From the regular stream of news articles such as this one, we are increasingly reminded that errors are made in prosecutions. The stories from the Innocence Project should be enough to give us all pause.
There is a growing discomfort with the death penalty in America and it crosses all political lines. Capital Punishment is an issue where the labels have most assuredly lost what little value they might have ever had.
Sadly, in a rush to multiply executions in what seems to be some misguided effort to lower the crime rate, (unsupported by the statistics concerning whether capital punishment has had any effect in lowering crime), both Democrats and Republicans seem to be "out-toughing" one another on this issue these days.
Ironically, some contemporary "liberals" who oppose the death penalty fail to see the extraordinary duplicity in their approach. They should listen to their own arguments in their opposition and reconsider their position on the issue of abortion.
Some, like the Reverend Jesse Jackson, know the complete hypocrisy of their approach. He was formerly an ardent opponent of abortion, until his political ambitions blinded him to the cry of the ones whom Mother Teresa called the "poorest of the poor", children in the womb.

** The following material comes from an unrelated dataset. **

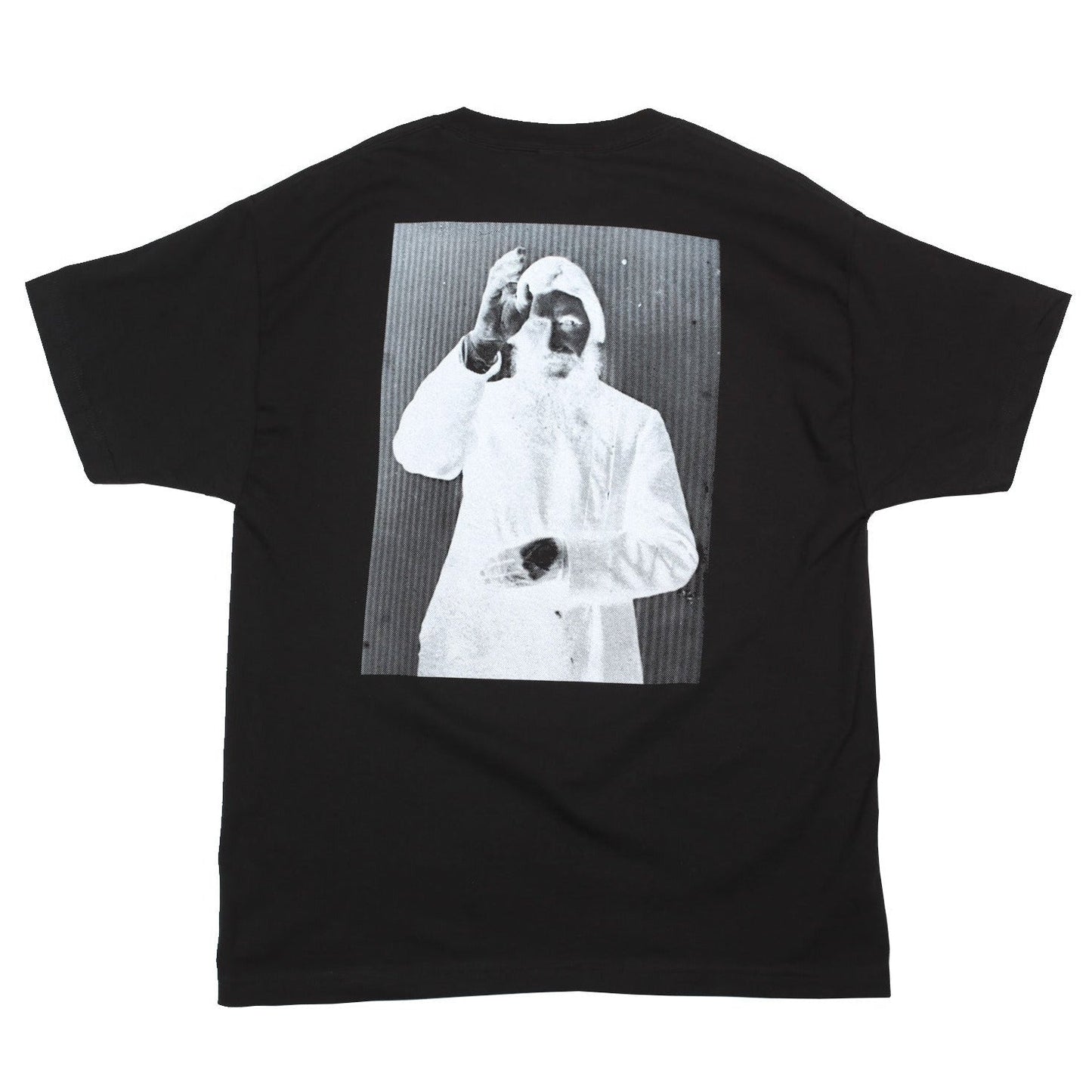 THEORIES SKATEBOARDS RASPUTIN INVERTED TEE BLACK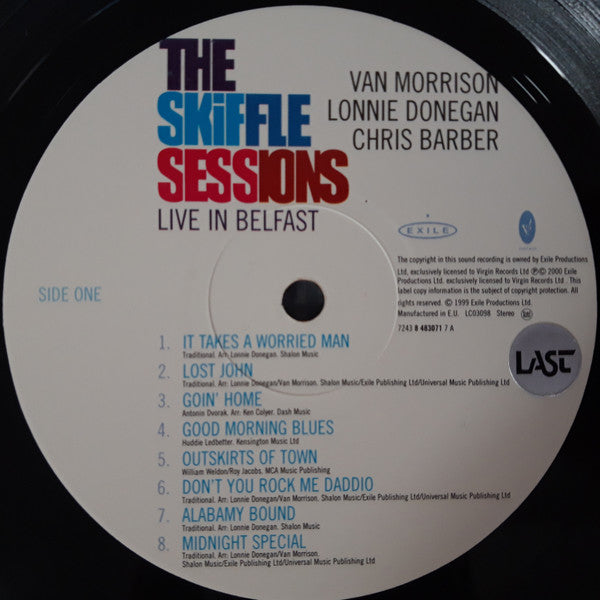 Van Morrison - The Skiffle Sessions (Live In Belfast)(LP, Album)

Then there are the conservatives who suffer from what I call their "compassion confusion." They oppose the execution in the womb but support execution outside of it. On their right flank are their newfound friends, some libertarians who support both kinds of execution. Not all libertarians do.
Even some of my well-intended Christian friends, especially my Catholic brethren, who correctly and compassionately oppose both, fail to make the vital distinction as to the foundation of the opposition of Catholic teaching to killing the pre-born - and executing capital offenders.
The article in the Globe pointed me to an organization I will be researching and writing about in the future. It is called Conservatives Concerned about the death penalty. It is time for a National discussion of the death penalty for many reasons. Richard Viguerie is right.